There’s always been some tension between codec development, tools, and quality of life improvements, but in retrospect I think that every effort on better tools has paid off handsomely, and if anything I’d say I’ve delayed that work too much. In my defense, it was hard to justify the work without knowing the full scope of the project. Would I be working on Spark for a few months? Or a few years? Initially I did not know if it would be worth building a commercial product around it, but as things progressed, the scope of the project grew, adding more formats, more codecs, more platforms, and the depth of the codecs and the complexity of the optimizations increased.

Looking back, I wish I had prioritized tool development earlier, but hindsight always feels clearer in retrospect.

Development Process

Even though the Spark codecs are meant to run in the GPU, I initially develop them in the CPU. The CPU implementation is not intended to be used by customers; it is merely a playground to experiment with different algorithms and ideas, but it’s written in a way that makes it easy to translate the code to the equivalent compute shader.

The main advantage of doing this in the CPU is faster development. I can experiment much more quickly without having to worry about GPU resource constrains, bugs in the shader compilers, or differences between devices.

The code is also much easier to debug in the CPU. GPU debuggers have come a long way, but CPU debuggers are still much more powerful, robust, and easier to integrate into my tools. One of the Spark View features that I use most often is the ability to select a particular block and trigger a breakpoint when encoding or decoding the selected block:

The CPU code is not only much easier to debug, but also much easier to instrument in ways that allow me to gather statistics and tweak it’s execution at runtime.

When developing a new algorithm or refining an existing one, I often have different variants or variables that I can tweak to control execution. Surfacing these options to the public API of the codec, and then to the user interface, takes too much time. Most of these options are short-lived, enabling an experimental code path or keeping an old code path around for comparison.
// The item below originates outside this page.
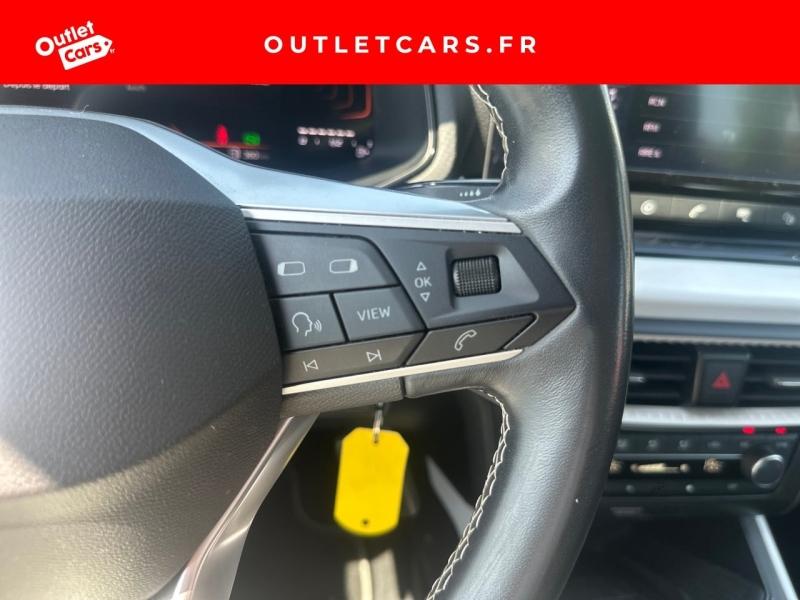 Voitures occasions SEAT ARONA Style Business Cagnes-sur-Mer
Instead, I achieve this is using a global variable system with reflection. This is something that has been present in most of the games I’ve worked on in one form or another, but I think the way in which I’m using it is fairly innovative.

Global variables are declared in code as follows:

IC_VAR_BOOL(etc_exact_quantization, false)
IC_VAR_FLOAT(etc_planar_mode_threshold, 48)
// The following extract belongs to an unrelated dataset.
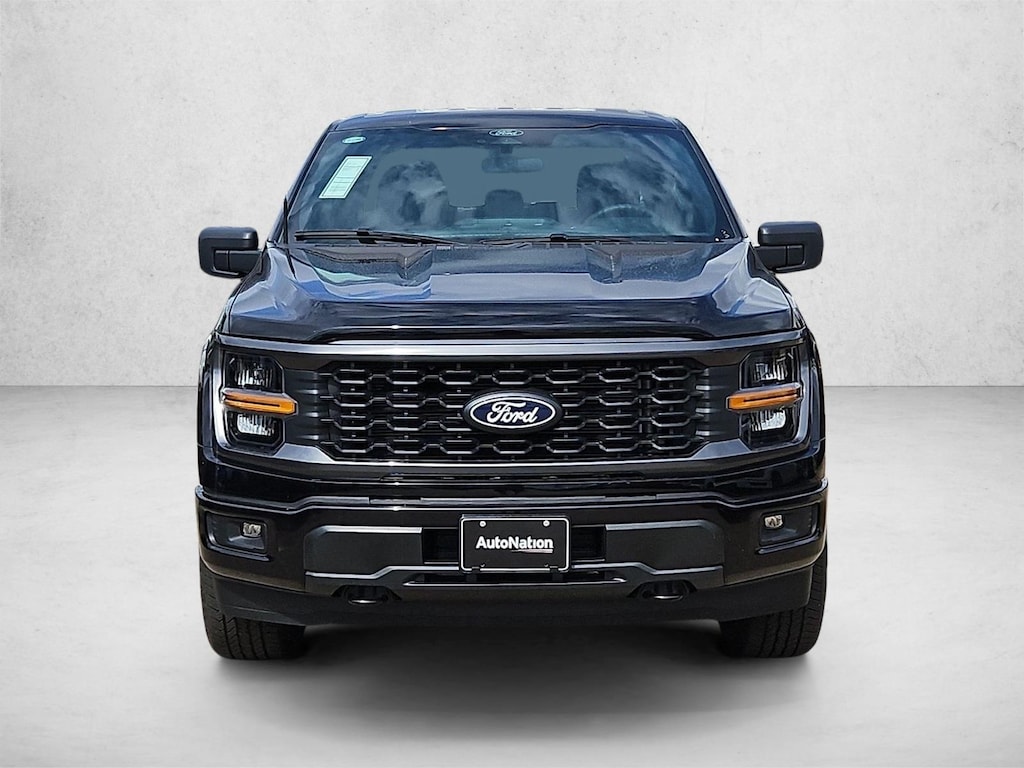 New 2026 Ford F-150 STX Truck SuperCrew Cab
These macros declare the global variables inside the var namespace and automatically register them in the variable system. Using the variables in code is straightforward:

if (lum_range < var::etc_planar_mode_threshold) { ... }
...
if (var::etc_exact_quantization) { ... }
else { ... }

By default, the variables take the values provided in the declaration, but those values can be overridden by different means. In final builds, the variables become constants, allowing the compiler to eliminate unused code branches for performance. However, this is not particularly important, as by that point most of the variables have been eliminated.

One way to customize the variables is by using simple config files like this:

etc_exact_quantization true
etc_planar_mode_luma_threshold 32

Spark View loads a config file at startup and constantly monitors it for changes. When the config file is updated, the current codec is re-run automatically. This provides immediate feedback and an intuitive way to exercise different code paths, test the effect of various values, and inspect the results visually.
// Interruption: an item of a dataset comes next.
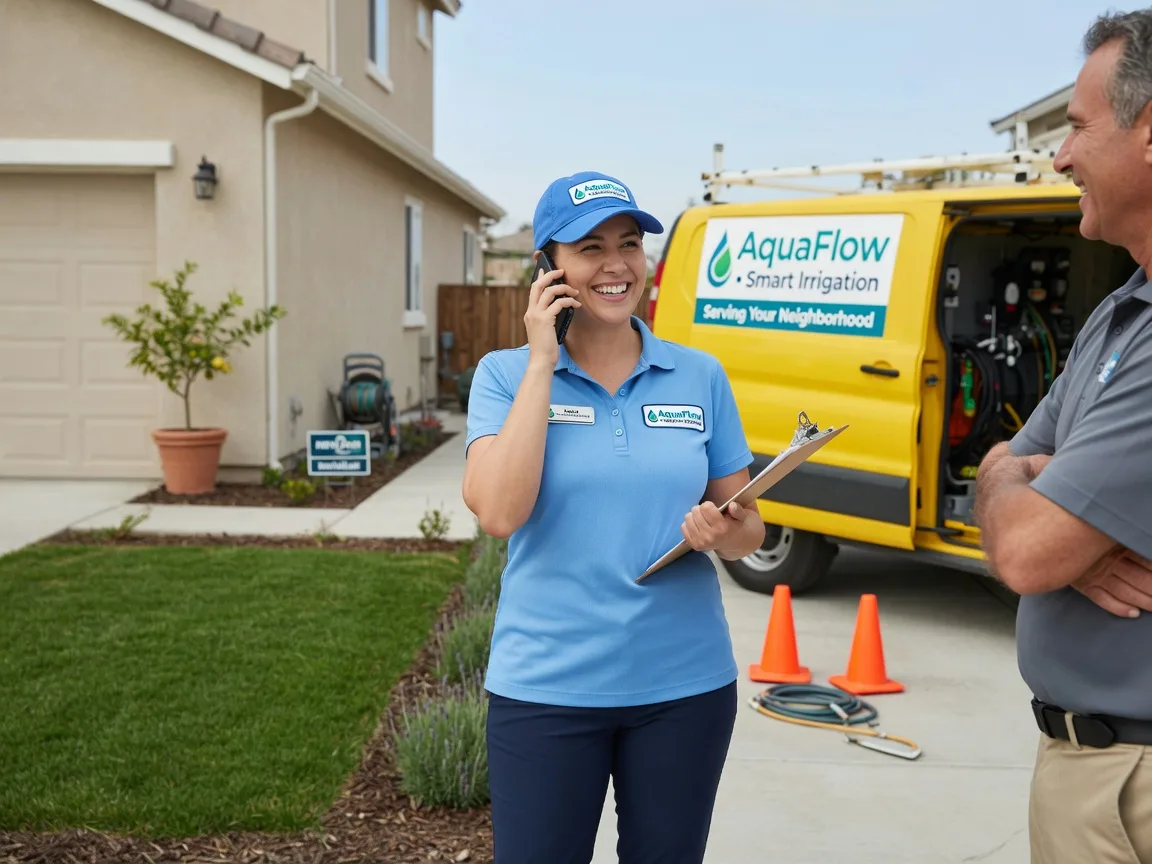 Irrigation Installation Cosby, TN FAQs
Spark Report also loads a similar config file at startup, but when running a specific test it allows me to specify an additional config file that may override some of the values.

This allows me to quickly make changes to the codecs, visually verify the consequences of the change in Spark View, and then validate it across a larger set of images using Spark Report.

For example, I was recently developing a new ETC2 codec and my initial heuristic was similar to that of the QuickETC2 paper: using fixed luma threshold to select the best mode. I thought a better approach would be to try the planar more more aggressively, but only use that mode if the residual of the least squares solver was under a given threshold.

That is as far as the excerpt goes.